Just because I'm nosy - what breed do you have and what made you chose it?

Emily


----------



## Schimmel (May 17, 2008)

That's an easy one to answer 

Siamese and Orientals, although we don't often breed Siams now. We started off with a Siamese but the moment we were offered our first 2 Orientals (a Black Tortie and a Havana), we were totally and utterly addicted and now have a house full of them  I originally chose the Siamese because I had them as pets years ago, and I love the look of them and their intelligent nature. The Oriental's are twice everything the Siamese are i.e. twice as gorgeous, twice as talkative, twice as loving, twice as demanding, twice as clever, twice as naughty, they are perfection on 4 legs. I could not ever imagine my life without the Ori's, it doesn't bear thinking about. They love human and feline companionship, get on well with dogs, and there is never a dull moment when sharing your home with an Ori   My ultimate aim is that in 5 years' time I am breeding Orientals only and no Siamese which is easier said than done. 

Have I bored you yet lol


----------



## rottiesloveragdolls (Nov 2, 2007)

Ragdolls, as they are Indoor cats, lost a few mogs on the road  
and they love every one, very trusting, they are like little dogs in cats bodies, they also love the companionship and fuss from all,


----------



## Saynamore (Feb 28, 2008)

Easy for me the longhairs, my first ever moggie in my first ever own home was a Persian cross from a rescue in Bolton. She ended up being hit by a car and I still have nightmares about it yet. So, yeah its Persians for me all the way but you have to be dedicated and prepared for the high maintenance. The constant grooming and eye cleaning that they need. I would love to move into exotics as well because I just love the face shape on both of these breeds.....................................


----------



## Saynamore (Feb 28, 2008)

Oh as Linda said as well, must say i feel so secure now that all my cats are bred and reared to live indoors...........................


----------



## Siamese Kelly (Jan 6, 2008)

Siamese for us also and of course Foreign WhitesBecause they are naughty,love to chat and are ultra intelligentNot a lot unlike myself-oh and modest too


----------



## Saynamore (Feb 28, 2008)

I never said you were gobby, pmsl!


----------



## Kay73 (Mar 26, 2008)

rottiesloveragdolls said:


> Ragdolls, as they are Indoor cats, lost a few mogs on the road
> and they love every one, very trusting, they are like little dogs in cats bodies, they also love the companionship and fuss from all,


i have a raggie too, totally laid back, brill with my autistic child!


----------



## Siamese Kelly (Jan 6, 2008)

Saynamore said:


> I never said you were gobby, pmsl!


I should hope not lady-i know how shy and retiring you areNOTHow's your Summer diddling??


----------



## Saikou (Apr 2, 2008)

I breed modern type siamese and orientals.
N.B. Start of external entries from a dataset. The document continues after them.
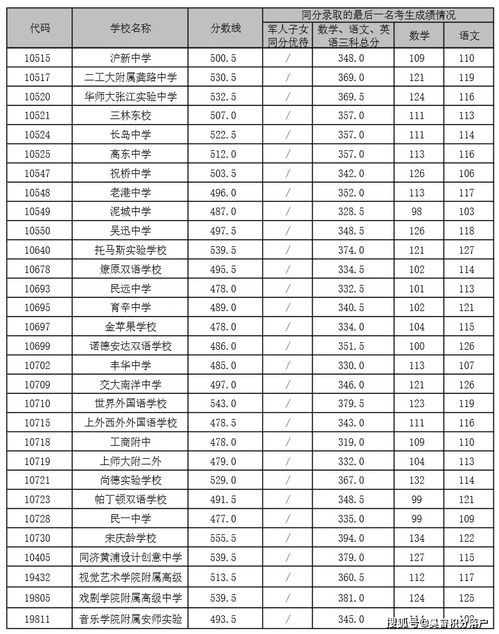 黄浦零志愿分数线2022-黄浦零志愿分数线2022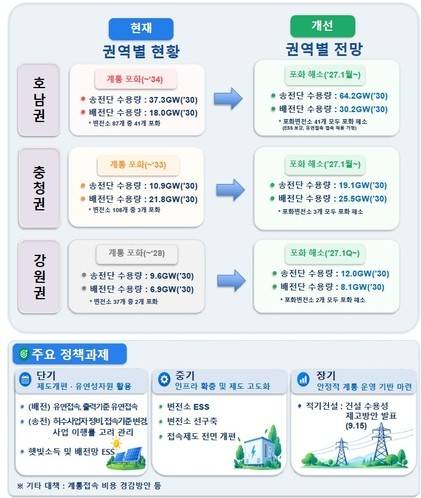 기후부 재생에너지 대책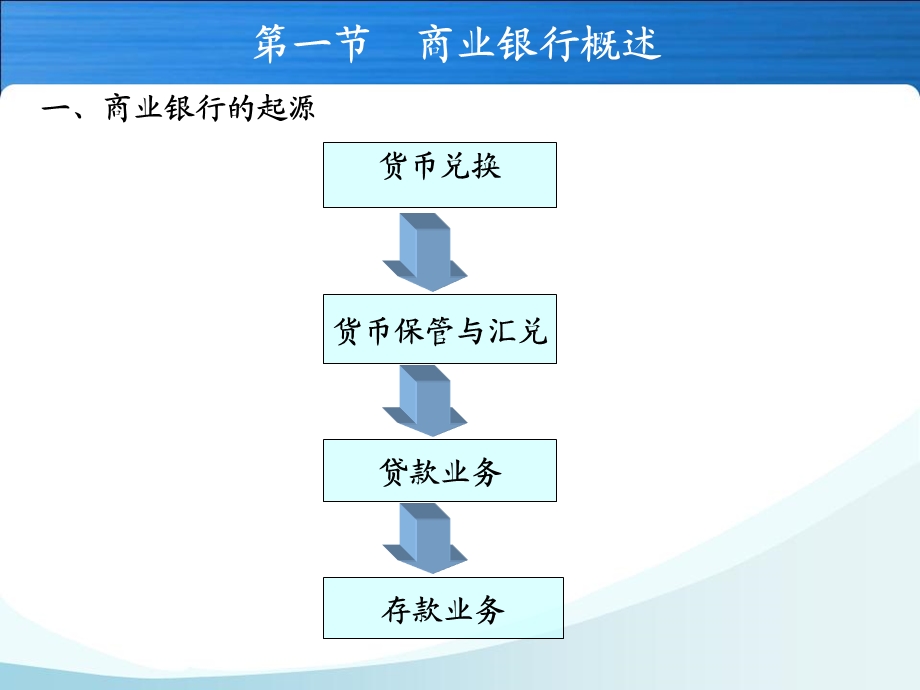 金融学—第四章(商业银行).ppt_第2页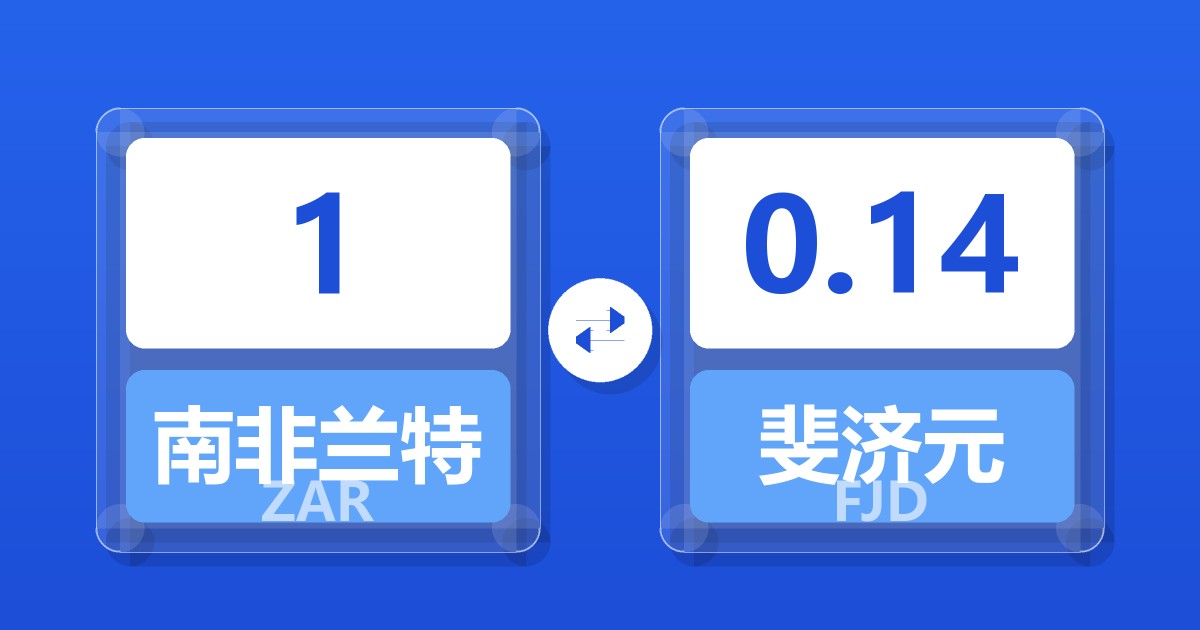 1南非兰特兑斐济元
I love all red series siamese and oris and ornamental blacks, with coats you can see your face in are a passion. I grew up with Siamese in the family, and got my first ornamental in 1987 as a birthday present - the dye was set then  I love the way they look, long and sleek like feline racing cars. The two breeds are the same really, just Siamese have their colour restricted to their extemeties and have blue eyes instead of being the same colour all over (unless they are tortie or tabby) with green eyes. Both breeds love people, are way to intelligent for their own good and are ever so slightly demented in the nicest possible way, packed full of purrsonality. They are devoted to their slaves. But they come with a warning - one is never enough


----------



## Emstarz (May 20, 2008)

Schimmel said:


> That's an easy one to answer
> 
> Have I bored you yet lol


Not at all - wanted to hear all about them - that is why I asked.
I have met Siamese before but only as rescue cats but have never come across an Ori - Would these breeds be jealous of children and other animals though?

Emily


----------



## Siamese Kelly (Jan 6, 2008)

Saikou said:


> I breed modern type siamese and orientals. I love all red series siamese and oris and ornamental blacks, with coats you can see your face in are a passion. I grew up with Siamese in the family, and got my first ornamental in 1987 as a birthday present - the dye was set then  I love the way they look, long and sleek like feline racing cars. The two breeds are the same really, just Siamese have their colour restricted to their extemeties and have blue eyes instead of being the same colour all over (unless they are tortie or tabby) with green eyes. Both breeds love people, are way to intelligent for their own good and are ever so slightly demented in the nicest possible way, packed full of purrsonality. They are devoted to their slaves. But they come with a warning - one is never enough


Ya see as i said..a lot like myself except i am (sadly a one off


----------



## Siamese Kelly (Jan 6, 2008)

Emstarz said:


> Not at all - wanted to hear all about them - that is why I asked.
> I have met Siamese before but only as rescue cats but have never come across an Ori - Would these breeds be jealous of children and other animals though?
> 
> Emily


They love being part of a family-as long as they are topcat-other breeds,not so sure about,think it would depend,Kat will know more


----------



## bee112 (Apr 12, 2008)

Emstarz said:


> I am one day considering purchasing pedigree breed cats to show and eventually breed (I am talking 3 years min though). I'm really fond of the idea of an Ocicat because they're supposedly good pets which would be the main purpose of any animal in my home.
> 
> Just because I'm nosy - what breed do you have and what made you chose it?
> 
> Emily


Ragdolls..

They are beautifull, big fluffy cats who are very intellegent and love human company.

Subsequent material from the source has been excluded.